### Your objective
In the entries that follow, the line with "Expired Domains: How" opens the range and the line with "Photo 2 of Sale" closes it; repeat that range exactly, both lines included.

### Source data
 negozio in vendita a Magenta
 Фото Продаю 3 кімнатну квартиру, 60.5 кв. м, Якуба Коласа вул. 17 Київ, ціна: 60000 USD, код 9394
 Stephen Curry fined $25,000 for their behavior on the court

--

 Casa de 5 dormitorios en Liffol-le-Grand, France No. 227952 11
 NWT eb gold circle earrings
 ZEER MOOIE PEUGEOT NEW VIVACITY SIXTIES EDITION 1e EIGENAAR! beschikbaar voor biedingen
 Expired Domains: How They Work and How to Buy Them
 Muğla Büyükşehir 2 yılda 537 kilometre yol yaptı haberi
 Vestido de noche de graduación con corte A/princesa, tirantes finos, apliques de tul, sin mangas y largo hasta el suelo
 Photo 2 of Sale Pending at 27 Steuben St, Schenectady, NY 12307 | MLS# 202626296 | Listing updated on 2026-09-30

### Task output
 Expired Domains: How They Work and How to Buy Them
 Muğla Büyükşehir 2 yılda 537 kilometre yol yaptı haberi
 Vestido de noche de graduación con corte A/princesa, tirantes finos, apliques de tul, sin mangas y largo hasta el suelo
 Photo 2 of Sale Pending at 27 Steuben St, Schenectady, NY 12307 | MLS# 202626296 | Listing updated on 2026-09-30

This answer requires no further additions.